Pictures with short captions:
_____

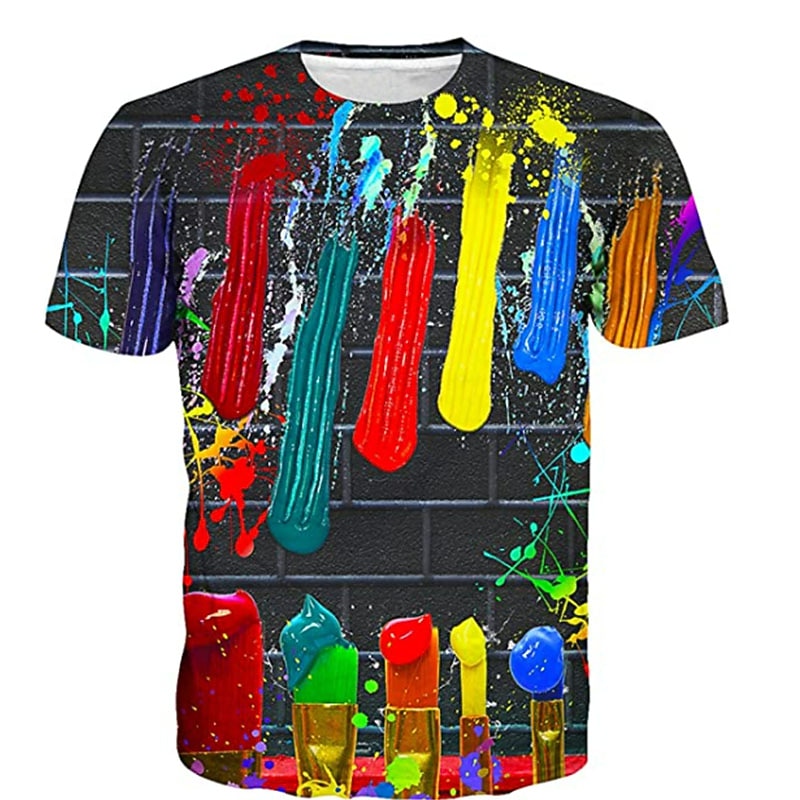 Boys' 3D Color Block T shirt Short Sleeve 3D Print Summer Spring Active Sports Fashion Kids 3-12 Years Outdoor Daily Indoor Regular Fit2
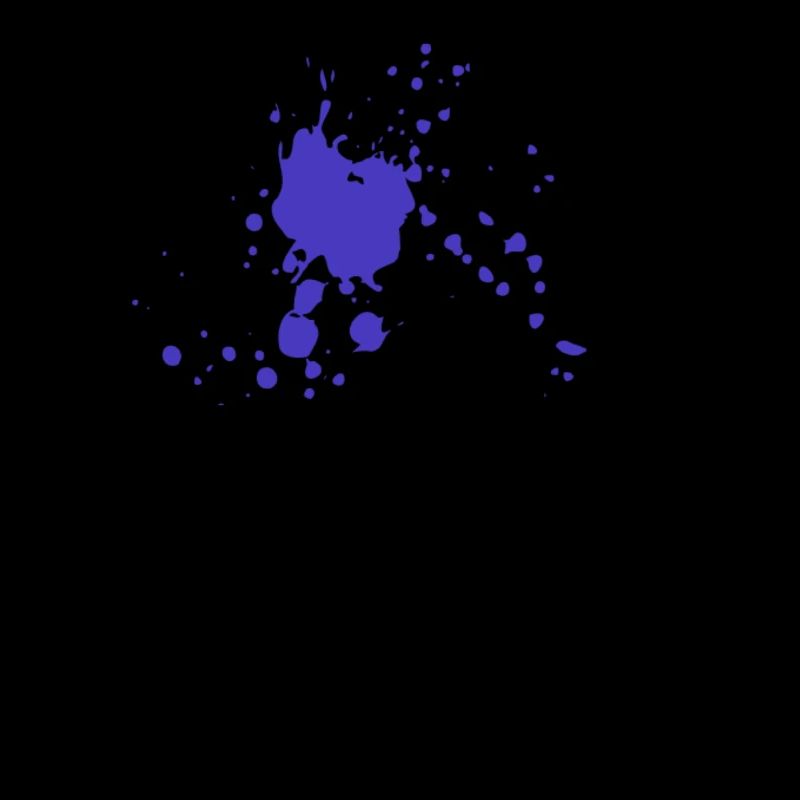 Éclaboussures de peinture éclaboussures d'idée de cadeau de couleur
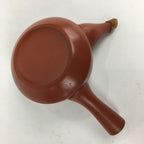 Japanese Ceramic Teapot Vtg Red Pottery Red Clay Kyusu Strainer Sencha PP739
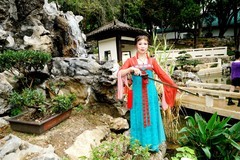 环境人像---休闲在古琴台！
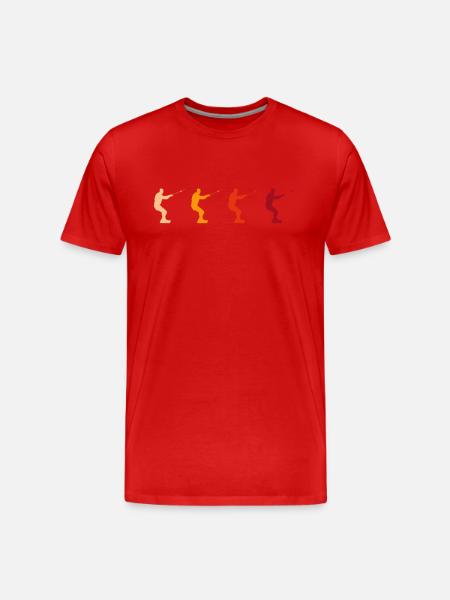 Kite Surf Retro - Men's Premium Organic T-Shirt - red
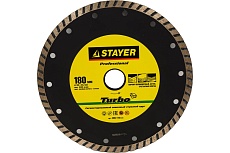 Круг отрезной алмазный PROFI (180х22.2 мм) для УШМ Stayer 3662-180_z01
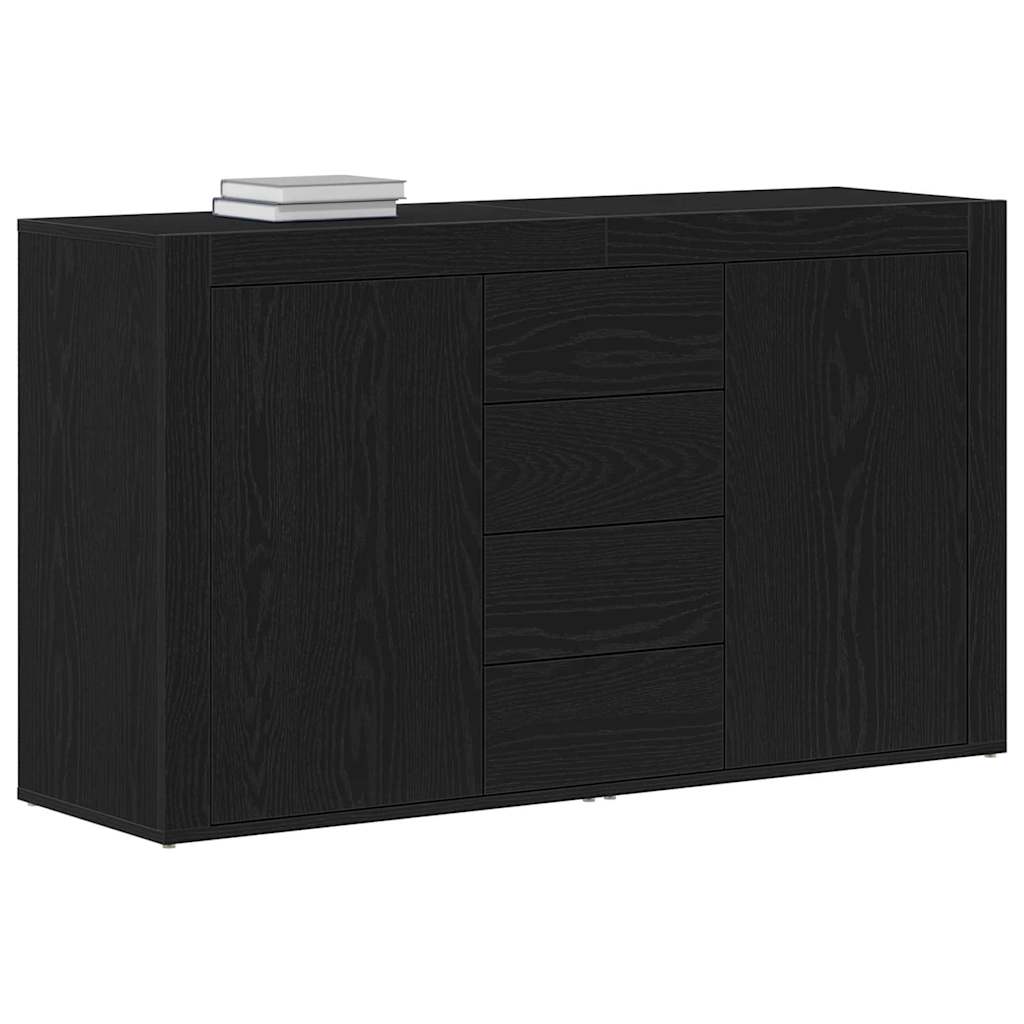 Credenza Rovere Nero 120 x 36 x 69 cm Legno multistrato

_____

An exact copy of all the records is required, with the pictures omitted.

 Boys' 3D Color Block T shirt Short Sleeve 3D Print Summer Spring Active Sports Fashion Kids 3-12 Years Outdoor Daily Indoor Regular Fit2
 Éclaboussures de peinture éclaboussures d'idée de cadeau de couleur
 Japanese Ceramic Teapot Vtg Red Pottery Red Clay Kyusu Strainer Sencha PP739
 环境人像---休闲在古琴台！
 Kite Surf Retro - Men's Premium Organic T-Shirt - red
 Круг отрезной алмазный PROFI (180х22.2 мм) для УШМ Stayer 3662-180_z01
 Credenza Rovere Nero 120 x 36 x 69 cm Legno multistrato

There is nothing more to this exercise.